Clifford looked at the Baroness with some audacity. "Will you tell no one?"

"If it 's as sacred as that—no."

"Well, then—we are not!" said Clifford.

"That 's the great secret—that you are not, eh?" asked the Baroness, with a quick laugh. "I am very glad to hear it. You are altogether too young. A young man in your position must choose and compare; he must see the world first. Depend upon it," she added, "you should not settle that matter before you have come abroad and paid me that visit. There are several things I should like to call your attention to first."

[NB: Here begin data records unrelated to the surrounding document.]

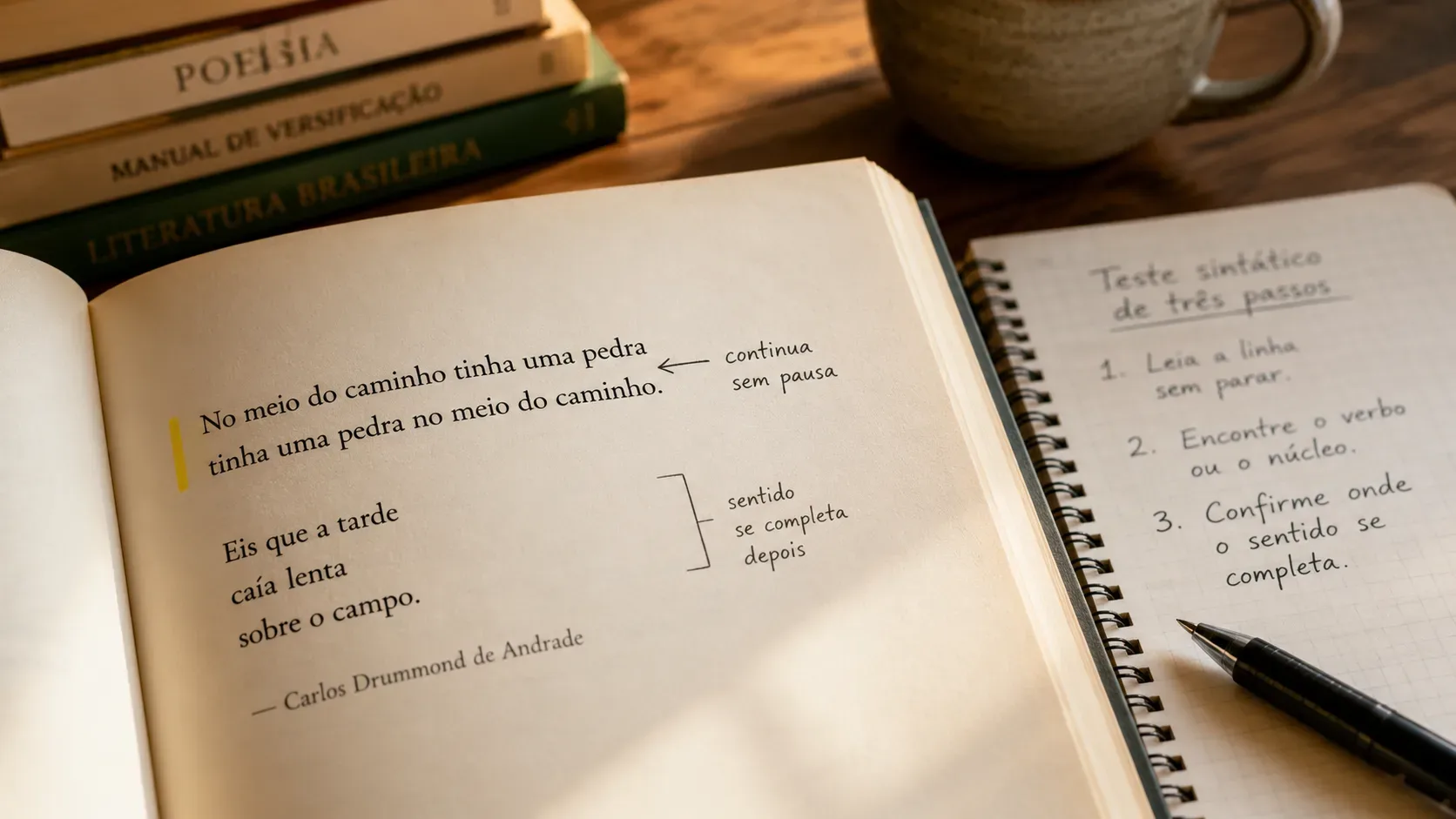 Livro de poesia aberto sobre uma mesa de madeira, com versos anotados e um caderno ao lado sob luz quente.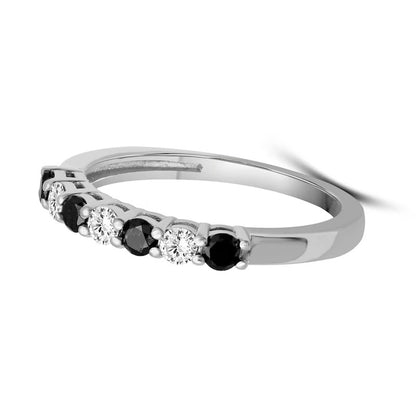 0.5 CT. TW Black and White Diamond Alternating Anniversary Band in Sterling Silver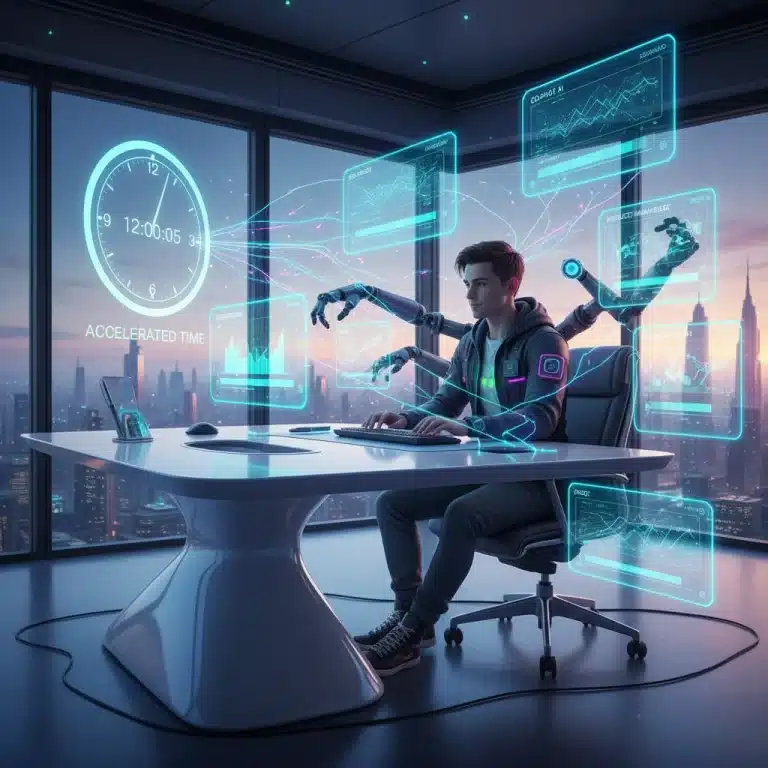 Person efficiently working at a desk with AI tools, saving time.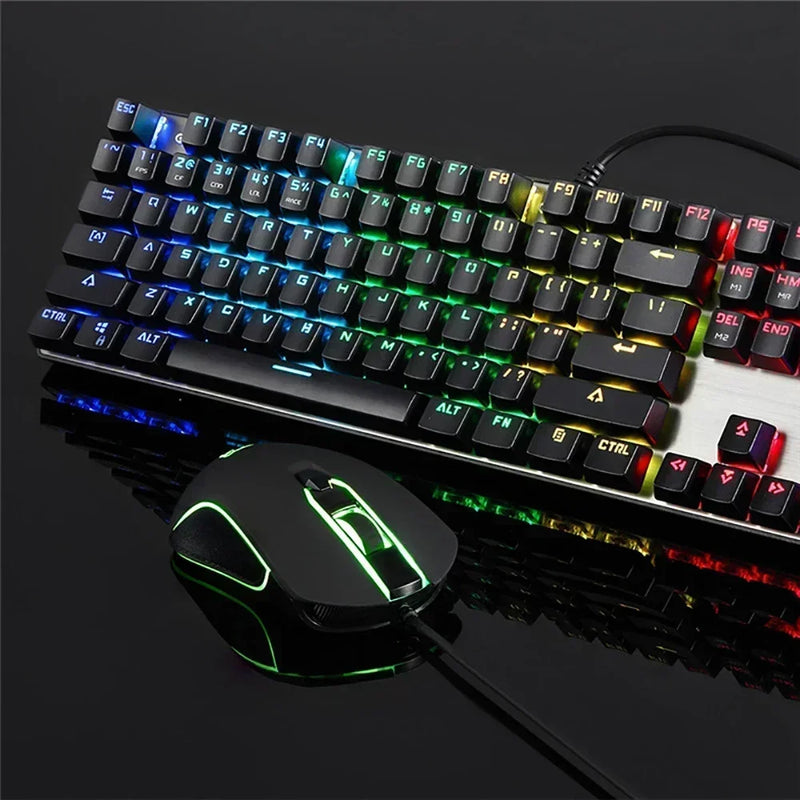 Motospeed CK888 Mechanical Gamer Keyboard 104 Keys With Mouse Combo 4 Buttons Wired 2400DPI Keyboard Backlit For PC Laptop Gifts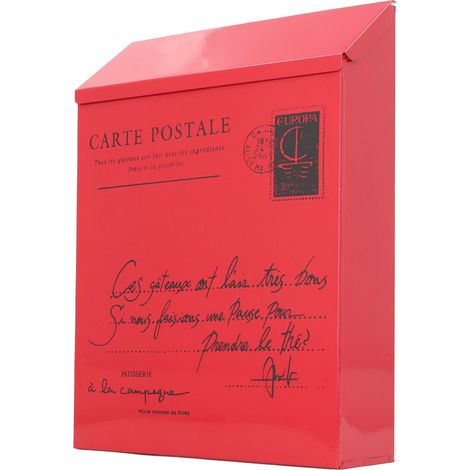 Boîte aux lettres murale en fer, style rustique, verrouillée avec 2 clés, 3 crochets, étanche, pour la maison ou le bureau, petites lettres rouges (1/5)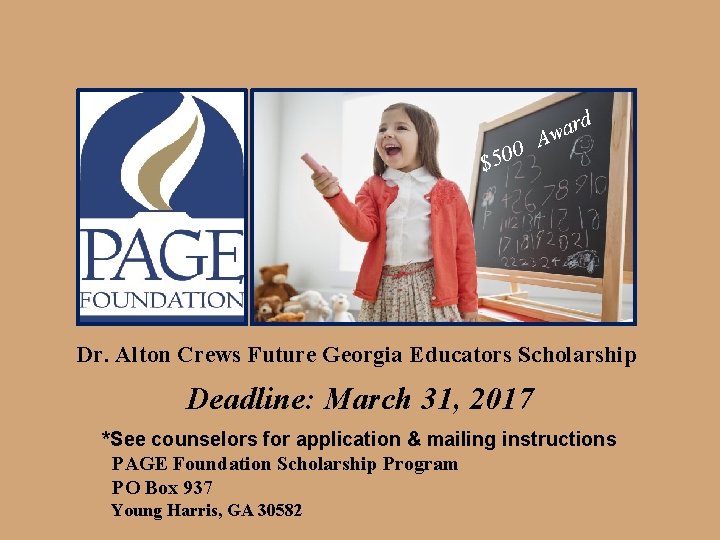 d r a w A 0 50 $ Dr. Alton Crews Future Georgia Educators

"Well, I am rather afraid of that visit," said Clifford. "It seems to me it will be rather like going to school again."

The Baroness looked at him a moment.

"My dear child," she said, "there is no agreeable man who has not, at some moment, been to school to a clever woman—probably a little older than himself. And you must be thankful when you get your instructions gratis. With me you would get it gratis."

The next day Clifford told Lizzie Acton that the Baroness thought her the most charming girl she had ever seen.

Lizzie shook her head. "No, she does n't!" she said.

"Do you think everything she says," asked Clifford, "is to be taken the opposite way?"

"I think that is!" said Lizzie.

Clifford was going to remark that in this case the Baroness must desire greatly to bring about a marriage between Mr. Clifford Wentworth and Miss Elizabeth Acton; but he resolved, on the whole, to suppress this observation.